Segment Start: Exercise data

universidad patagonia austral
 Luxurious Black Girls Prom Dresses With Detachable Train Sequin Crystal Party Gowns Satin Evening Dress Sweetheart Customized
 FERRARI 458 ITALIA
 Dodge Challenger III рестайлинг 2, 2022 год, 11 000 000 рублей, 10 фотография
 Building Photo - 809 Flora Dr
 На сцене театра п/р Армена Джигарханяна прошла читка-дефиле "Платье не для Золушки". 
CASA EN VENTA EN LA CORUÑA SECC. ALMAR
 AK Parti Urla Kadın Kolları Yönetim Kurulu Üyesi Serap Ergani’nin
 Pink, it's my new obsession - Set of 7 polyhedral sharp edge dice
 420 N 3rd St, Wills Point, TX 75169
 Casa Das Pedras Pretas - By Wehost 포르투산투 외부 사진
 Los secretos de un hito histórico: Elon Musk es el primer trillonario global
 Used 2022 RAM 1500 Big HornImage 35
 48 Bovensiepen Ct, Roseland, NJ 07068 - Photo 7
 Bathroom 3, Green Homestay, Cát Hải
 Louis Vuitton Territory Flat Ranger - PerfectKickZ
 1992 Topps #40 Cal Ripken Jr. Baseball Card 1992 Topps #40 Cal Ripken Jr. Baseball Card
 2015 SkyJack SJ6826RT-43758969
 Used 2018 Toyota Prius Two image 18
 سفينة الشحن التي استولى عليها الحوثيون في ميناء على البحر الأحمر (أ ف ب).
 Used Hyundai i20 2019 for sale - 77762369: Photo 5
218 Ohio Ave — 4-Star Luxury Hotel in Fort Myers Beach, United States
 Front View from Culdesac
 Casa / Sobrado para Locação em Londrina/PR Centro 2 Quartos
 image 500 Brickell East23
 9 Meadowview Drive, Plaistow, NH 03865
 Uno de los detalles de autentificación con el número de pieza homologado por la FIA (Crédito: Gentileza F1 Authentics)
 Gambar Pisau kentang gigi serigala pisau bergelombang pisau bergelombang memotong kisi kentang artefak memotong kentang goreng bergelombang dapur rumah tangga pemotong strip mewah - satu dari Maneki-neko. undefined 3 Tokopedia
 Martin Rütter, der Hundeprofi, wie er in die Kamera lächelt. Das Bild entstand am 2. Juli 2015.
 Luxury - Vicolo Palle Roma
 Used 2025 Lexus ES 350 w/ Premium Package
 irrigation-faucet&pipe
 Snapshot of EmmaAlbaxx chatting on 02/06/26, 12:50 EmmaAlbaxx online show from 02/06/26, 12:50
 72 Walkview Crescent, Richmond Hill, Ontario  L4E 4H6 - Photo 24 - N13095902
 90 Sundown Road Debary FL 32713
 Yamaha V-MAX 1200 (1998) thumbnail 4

Segment End: Exercise data

• **Prompt**
The first line of the entries, the line with "Gambar Pisau kentang", and every line between them should be retyped exactly, and nothing else.

• **Reply to the task**
universidad patagonia austral
 Luxurious Black Girls Prom Dresses With Detachable Train Sequin Crystal Party Gowns Satin Evening Dress Sweetheart Customized
 FERRARI 458 ITALIA
 Dodge Challenger III рестайлинг 2, 2022 год, 11 000 000 рублей, 10 фотография
 Building Photo - 809 Flora Dr
 На сцене театра п/р Армена Джигарханяна прошла читка-дефиле "Платье не для Золушки". 
CASA EN VENTA EN LA CORUÑA SECC. ALMAR
 AK Parti Urla Kadın Kolları Yönetim Kurulu Üyesi Serap Ergani’nin
 Pink, it's my new obsession - Set of 7 polyhedral sharp edge dice
 420 N 3rd St, Wills Point, TX 75169
 Casa Das Pedras Pretas - By Wehost 포르투산투 외부 사진
 Los secretos de un hito histórico: Elon Musk es el primer trillonario global
 Used 2022 RAM 1500 Big HornImage 35
 48 Bovensiepen Ct, Roseland, NJ 07068 - Photo 7
 Bathroom 3, Green Homestay, Cát Hải
 Louis Vuitton Territory Flat Ranger - PerfectKickZ
 1992 Topps #40 Cal Ripken Jr. Baseball Card 1992 Topps #40 Cal Ripken Jr. Baseball Card
 2015 SkyJack SJ6826RT-43758969
 Used 2018 Toyota Prius Two image 18
 سفينة الشحن التي استولى عليها الحوثيون في ميناء على البحر الأحمر (أ ف ب).
 Used Hyundai i20 2019 for sale - 77762369: Photo 5
218 Ohio Ave — 4-Star Luxury Hotel in Fort Myers Beach, United States
 Front View from Culdesac
 Casa / Sobrado para Locação em Londrina/PR Centro 2 Quartos
 image 500 Brickell East23
 9 Meadowview Drive, Plaistow, NH 03865
 Uno de los detalles de autentificación con el número de pieza homologado por la FIA (Crédito: Gentileza F1 Authentics)
 Gambar Pisau kentang gigi serigala pisau bergelombang pisau bergelombang memotong kisi kentang artefak memotong kentang goreng bergelombang dapur rumah tangga pemotong strip mewah - satu dari Maneki-neko. undefined 3 Tokopedia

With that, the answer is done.